Question 4: How does AWS help comply with data retention regulations?

Answer 4: AWS provides necessary tools to manage data retention effectively in accordance with regulations. AWS provides features like lifecycle policies, versioning, and encryption to ensure data integrity, confidentially, and availability.

Question 5: What is an Amazon S3 Lifecycle policy?

Answer 5: Amazon S3 lifecycle policies enable organizations to manage objects so that they are automatically transitioned to different storage classes or expired(deleted) at end-of-life.

Question 6: Can data be restored from AWS Glacier?

Answer 6: Yes, data archived to AWS Glacier can be restored. However, the speed of restoration varies depending on the pricing tier – expedited, standard, or bulk.

Question 7: What is data immutability in Amazon S3?

Answer 7: Data immutability in Amazon S3 ensures that once the data is stored it can’t be changed or deleted during a defined retention period, which plays a key role in ensuring the integrity and reliability of the data.

Question 8: How can data encryption be managed in AWS services?

Answer 8: AWS offers several encryption features and services to provide data security. For instance, data at rest in S3 buckets can be automatically encrypted using S3 bucket policies, using either S3 managed keys (SSE-S3), AWS key management service keys, or a custom key management service.

Question 9: What is AWS Backup?

Answer 9: AWS Backup is a fully managed backup service that makes it easy to centralize and automate backing up of data across AWS services according to policies defined by the organization.

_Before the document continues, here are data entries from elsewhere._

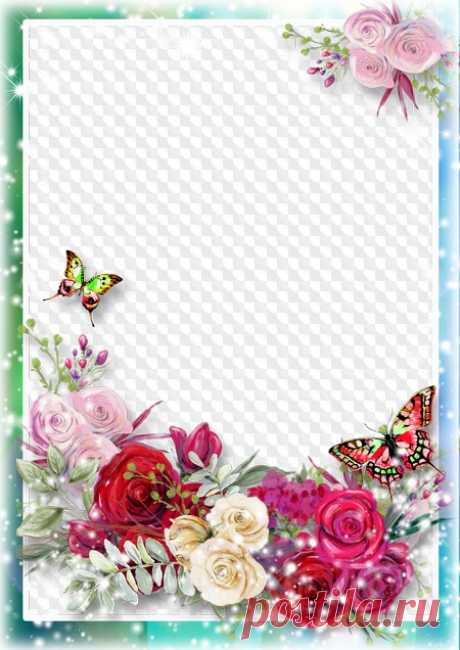 Beautiful flowers and butterflies, photo frame PNG, PSD. Transparent PNG Frame, PSD Layered Photo frame template, Download.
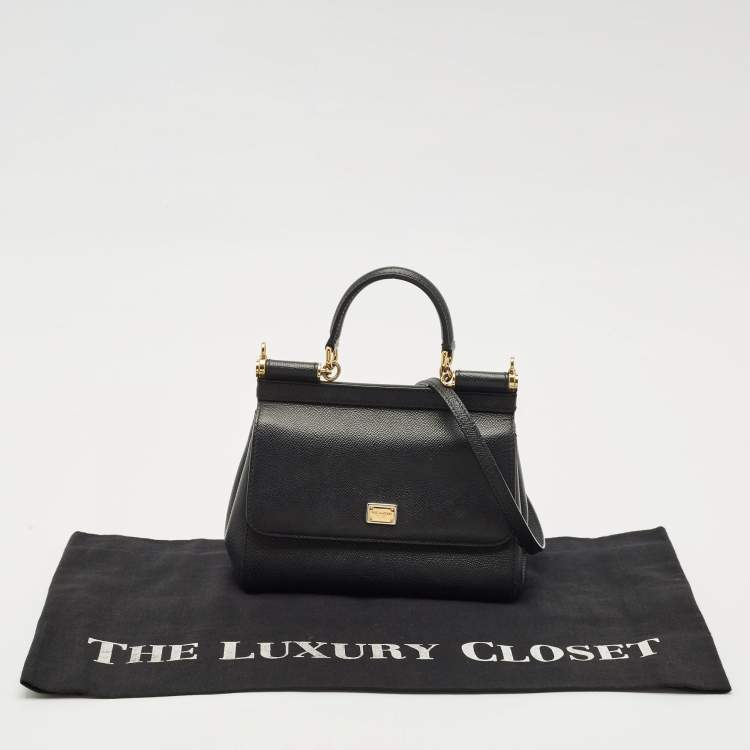 Pre Owned Dolce & Gabbana Black Leather Small Miss Sicily Top Handle Bag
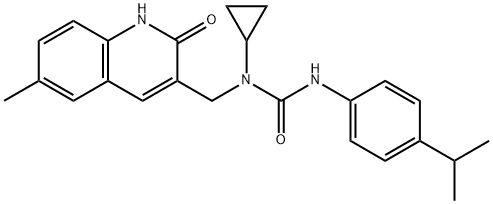 Urea, N-cyclopropyl-N-[(1,2-dihydro-6-methyl-2-oxo-3-quinolinyl)methyl]-N-[4-(1-methylethyl)phenyl]- (9CI) Structural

Question 10: What role does AWS Glacier play in AWS data lifecycle management?

Answer 10: AWS Glacier plays a pivotal role in the data lifecycle management as it offers a very low-cost, highly durable, and secure archival solution for long-term data retention, thus helping in efficient storage management and cost reduction.

Question 11: How can you ensure data recovery in case of accidental deletion in AWS?

Answer 11: AWS offers versioning in S3 buckets, which allows to store and retrieve all versions of an object including all writes and deletes. Additionally, using MFA (Multi-factor Authentication) Delete capability can add an extra layer of security.

Question 12: Can you modify an AWS Glacier Vault Lock policy after it is locked?

Answer 12: No, you can’t modify an AWS Glacier Vault Lock policy after it’s locked. Vault Lock policy ensures WORM (write once, read many) model, providing a strong enforcement for regulatory compliance.

Question 13: When should you use AWS Storage Gateway service?

Answer 13: AWS Storage Gateway is used when there is a need to connect on-premises environments with AWS storage, such as when you want to shift tape backup infrastructures to the cloud, move volumes to the cloud or access storage for computations in cloud.

Question 14: What is a snapshot in AWS?

Answer 14: A snapshot is a point-in-time copy of your data. AWS supports snapshots for EBS volumes, RDS DB instances, and Redshift clusters.

Question 15: What is cross-region replication in the context of AWS S3?

Answer 15: Cross-region replication (CRR) is a feature in Amazon S3 that automatically replicates data across different AWS geographical regions. This helps customers meet compliance requirements and minimize latency by keeping copies close to the source of request.